Tuesday, Jan. 3 — Full-time online schools are becoming the next big education craze, but not everyone is sold on the idea, an executive from the Michigan Association of School Boards says.
Last year, the Michigan Senate narrowly passed a bill that would remove the state cap on full-time cyber schools, allowing for unlimited expansion throughout the state, said Peter Spadafore, assistant director of government relations for the association. The bill is sitting in the House, but educators may not be willing to loosen restrictions just yet.
“Cyber schools in Michigan are less than 2 years old, and there’s not a lot of research and data on them to know if they’re doing a good job,” he said.
Michigan has two full-time cyber schools, the state limit allowed by law, but they haven’t been in existence long enough to compare them to student learning in a traditional school setting, said Spadafore, who is also a member of the Lansing Board of Education. The schools are the Michigan Connections Academy commissioned by Ferris State University, which serves 400 students, and the Michigan Virtual Charter Academy commissioned by Grand Valley State University, which serves 1,000 students.
But Jamey Fitzpatrick, president of the Michigan Virtual School, a supplemental online K-12 course provider, said online programs have a lot of benefits.
“There are students that we’ve served in the last 10 or 11 years that have had extenuating circumstances that make it difficult to go to school,” Fitzpatrick said.
Some of those students were training to be professional athletes or for the Olympics and had numerous competitions that made it difficult to attend classes regularly, he said. Others suffered from severe injuries or diseases, such as cancer, which made it difficult for them to leave their house.
Online courses also allow students to access subjects that they otherwise would not have an opportunity to take at their school such as Mandarin Chinese and advanced placement courses, Fitzpatrick added. Most of the school’s enrolled students take one or two courses to supplement their traditional school’s courses.

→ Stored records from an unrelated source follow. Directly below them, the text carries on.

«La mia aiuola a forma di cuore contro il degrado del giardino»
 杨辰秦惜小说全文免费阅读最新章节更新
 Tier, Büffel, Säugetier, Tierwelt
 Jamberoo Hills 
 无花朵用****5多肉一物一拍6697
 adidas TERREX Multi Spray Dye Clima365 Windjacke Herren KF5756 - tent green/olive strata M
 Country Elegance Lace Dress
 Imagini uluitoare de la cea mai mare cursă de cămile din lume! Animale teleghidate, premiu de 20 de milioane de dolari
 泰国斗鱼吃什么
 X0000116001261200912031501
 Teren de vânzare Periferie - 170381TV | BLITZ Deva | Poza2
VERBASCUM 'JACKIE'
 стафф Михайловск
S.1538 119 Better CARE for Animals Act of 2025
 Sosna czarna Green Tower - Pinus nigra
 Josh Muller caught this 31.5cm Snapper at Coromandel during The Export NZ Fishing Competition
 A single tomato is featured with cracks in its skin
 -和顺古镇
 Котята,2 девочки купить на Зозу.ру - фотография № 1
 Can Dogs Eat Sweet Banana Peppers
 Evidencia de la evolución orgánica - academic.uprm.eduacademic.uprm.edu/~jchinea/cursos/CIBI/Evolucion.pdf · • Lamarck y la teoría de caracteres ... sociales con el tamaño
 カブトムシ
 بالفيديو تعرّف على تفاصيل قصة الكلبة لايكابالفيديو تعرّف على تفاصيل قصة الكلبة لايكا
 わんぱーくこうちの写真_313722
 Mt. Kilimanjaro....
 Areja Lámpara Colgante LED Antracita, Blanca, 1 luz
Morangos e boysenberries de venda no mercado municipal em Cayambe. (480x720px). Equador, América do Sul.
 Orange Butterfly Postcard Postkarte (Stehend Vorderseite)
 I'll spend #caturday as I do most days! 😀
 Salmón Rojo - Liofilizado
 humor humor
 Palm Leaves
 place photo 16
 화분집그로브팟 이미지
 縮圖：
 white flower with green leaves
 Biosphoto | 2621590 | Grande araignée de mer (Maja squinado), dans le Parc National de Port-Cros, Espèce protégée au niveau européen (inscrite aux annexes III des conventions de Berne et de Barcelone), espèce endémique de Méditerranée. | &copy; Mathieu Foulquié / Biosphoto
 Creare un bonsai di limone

Perhaps the greatest benefit is that online courses prepare students for online learning, whether at college or for on-the-job training later in life, he said.
“I think the biggest thing we’re giving young people is a chance to learn how to learn in an online learning environment,” Fitzpatrick said.
While almost no research exists on full-time online schooling, studies have shown that blending online and traditional classes provides a good balance of flexibility and structure to ensure students perform as well or better compared to traditional classrooms, according to a 2011 Colorado study by the National Education Policy Center.
“As we look at data from other states, a blended option is really working best,” Spadafore said. “That’s proving to be the most beneficial for students.”
Fitzpatrick said full-time online education options might not be a good fit for every student, and options should exist so parents can optimize their child’s learning.
“I think the majority of teenagers would not want their entire online educational experience delivered in an online setting and I think that has to do with the social nature of teenagers,” he said. “Just like a face-to-face educational experience exclusively may not be a good fit for some kids, an online experience exclusively may not be a good fit for some kids.”
Spadafore agrees and said the Colorado report suggests that children in an all-online program perform at the same level or worse than the traditional schools they left.
The report revealed concerns about the qualifications of teachers in cyber schools, the validity of student work when there is no contact between student and teacher and the lack of evaluation of cyber programs to assess their effectiveness.
Spadafore has similar concerns.
“There should be some level of accountability,” he said. “If the first time you hear that you’re not doing well is the state assessment, it’s too late.”
Spadafore said more research is needed to determine how successful full-time cyber schools are before new legislation allows them to expand.
“It took 20 years to lift the cap on (charter schools),” he said. “We need a few more years before we look at the expansion of cyber schools.”
Fitzpatrick agreed that removing the cap on cyber schools without any regulation may be “going from one extreme to the other,” but he said the ultimate decision should rest with parents and students on what methods of learning work best for them.
“I think one thing that we need to be mindful of is that the Internet is here to stay,” Fitzpatrick said. “I don’t think we should be looking at this as an either or. I would suggest that we really look at the needs of the student.”